Wordsworth, Harvard Square.
A Different Light, Creative Visions, and Oscar Wilde.
I was a newspaper geek when I was a teen and loved how larger bookstores used to carry tons of out-of-town newspapers. I remember buying the Toronto Star, Washington Post, L.A Times and others in our local Hawley-Cooke book store in Louisville. Of course there is not much reason today for anyone to sell newspapers that way.
A Different Light on 19th Street in Chelsea
I just lost my Europa bookstore this last year.
The Avenue Victor Hugo in Boston - god I miss that place. It was a favorite store of mine from the time I was about 10-11 through middle age.
I can still order from them online and sometimes I do but it's not the same. If Kate's in Cambridge closes, I'll have to commit ritual suicide. Or something.
Bennett Schneider in Kansas City, MO.
It was a chain, but a beautiful chain.
Besides wonderful books they sold fabulous tchotchkes for your home library.
I am a huge fan of Posman Books in NYC. There is one in Chelsea Market and one in Grand Central Terminal. Are there other locations, too?
What I appreciate is that the store has a point of view. Unlike, Borders or Barnes and Noble, there is a great taste level on display, which is refreshing for a corporate store.
I can wander in there not knowing what I want to read and come out with several great selections I wasn't even aware of, previously.
Micawber's, in Princeton, NJ. Gorgeous store. It's gone now.
Black Kat Adult Bookstore and Video Booths, NJ Route 1 and 9.
I used to manage a Brentano's an flyover country, and I miss it every day. At our store we found a way to circumvent the common-denominator product provided by the corporate buyers and to acquire interesting and offbeat product from our wholesalers, often at zero to five percent markup. Hey, whatever helped us establish a reputation around town.
OP, I remember St. Paul Book and Stationary. I never went to the original store, but they had another location in Minnetonka near the Ridgedale Mall.
Other great Twin Cities bookstores that are now history: The Hungry Mind and Odegard Books in St. Paul; and of course the much lamented Shinder's chain which sold magazines, comic books, sports cards and porn. There was one in both downtowns (Minneapolis and St. Paul), and one near most of the major shopping malls too.
R18: former Waldenbooks employee here in my college days. I was so jealous of you Brentano's people. Was it really any different, other than having a green color scheme (as opposed to the Walden blue)?
I buy every book I read at BookSoup in LA just because I know it's the last man standing. I grew up falling in love with books because of that store and I'll be damned if it ever goes away.
No, PPSM, t was absolutely no different. We had a green Preferred Reader card and green bags, and that was it. Everything else was the same.

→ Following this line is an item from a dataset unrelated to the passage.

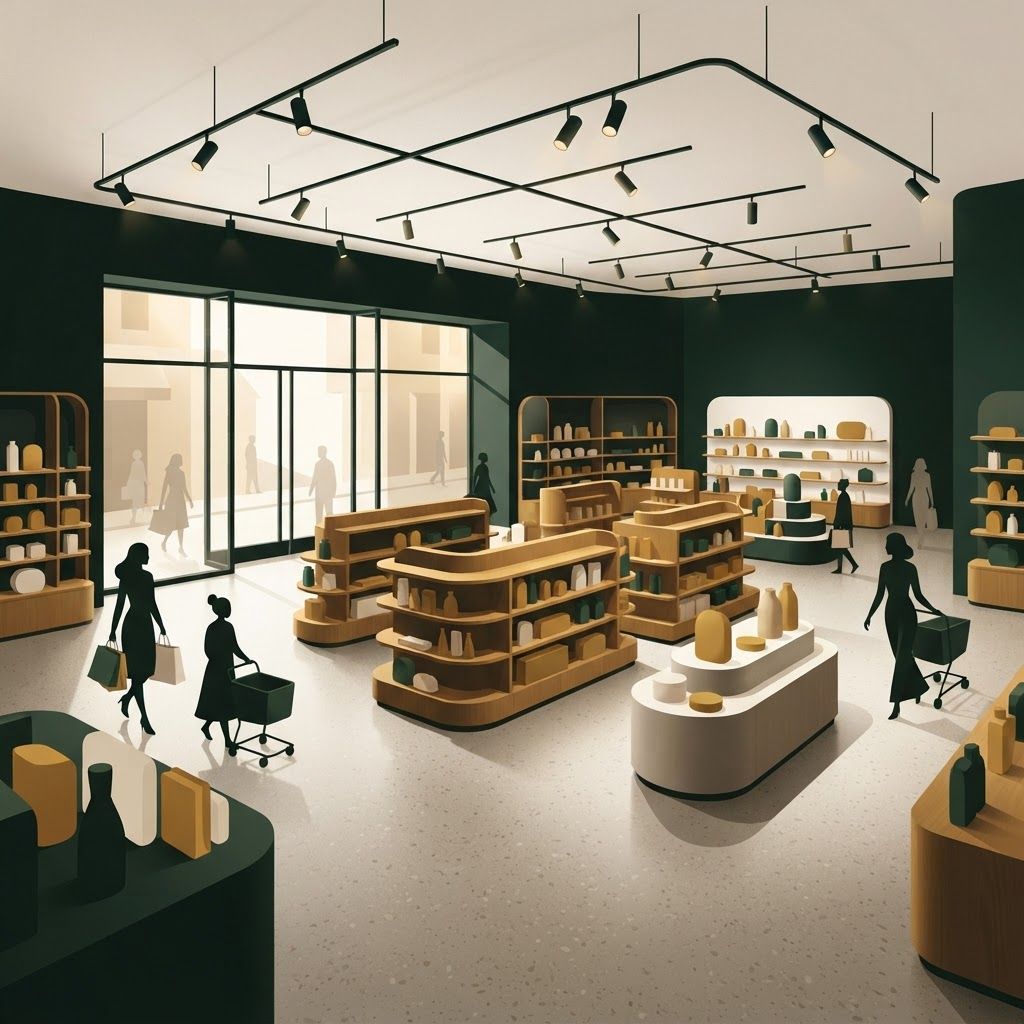 Retail Store Interior Design Ideas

You know, towards the end Borders rebranded many of the Waldenbooks stores as "Borders Express" (before they ran out of money and gave up the conversion project). A decade after leaving Brentano's for Barnes & Noble, I had the opportunity to return and manage a Borders Express that had previously been a Waldenbooks for 25 years. *Absolutely nothing* had changed in the intervening decade. The computer (singular) still ran Windows NT4; the LDTs were still from 1989; the payroll was still calculated on that big green paper spreadsheet with a calculator and scratch paper. But...! we could still order in books over the phone from Ingram that were not available from the DC and not even listed in the computer. That initiative differentiated us from the other small-format cookie-cutter stores in our market.
Wow, R22. Soooo many memories are flooding back now. I started as a bookseller at Waldens, quickly made ASM, transferred to Borders for a while, came back to Waldens and then became an SM (store 901!) for a couple of years before quitting to finish my degree. I've had "real" jobs since then, but parts of me really miss my time at Waldenbooks (though m time at Borders was not as pleasant; later hours, having to work shifts in that nasty cafe, etc.). I made some great friends there (my first boss is now also an expat living in Europe), and my most memorable one night stand/moment of sluttiness was at a regional manager meeting in St. Louis.
Preferred Reader cards, LDTs, those DAMN time sheets (entering those into the computer was a BITCH!), Ingram special orders, secret shoppers, Day by Day calendars (did you have to run those damn kiosks?), overnight RGIS inventories with the scariest humanity has to offer...
More than a decade later, and my PR spiel still runs through my head. I can recite it perfectly. :)
I hated it at the time, but I get so nostalgic for it now...
[quote]Day by Day calendars (did you have to run those damn kiosks?), overnight RGIS inventories with the scariest humanity has to offer...
Check, and check. Towards the end even Borders stores had to have remote Day By Day kiosks. Horrible, but they brought the profit.
I was lucky in that my Borders Express was located in the retail arcade of an office building and closed at 7pm M-F (and at 4pm on Saturdays!), so the RGIS nightmare was usually over by 9pm.
Mystery shoppers, auditors and PR all eventually went away, ending a decades-long reign of terror. Towards the end we were required to sign up a certain quota of the free Borders Rewards card, which doesn't sound like any big trauma, but it required harvesting a certain number of email addresses. Failure to get people to activate their card with a valid email address made the signup fail to count; failure to meet your quota of email addresses resulted in FInal Warnings and worse.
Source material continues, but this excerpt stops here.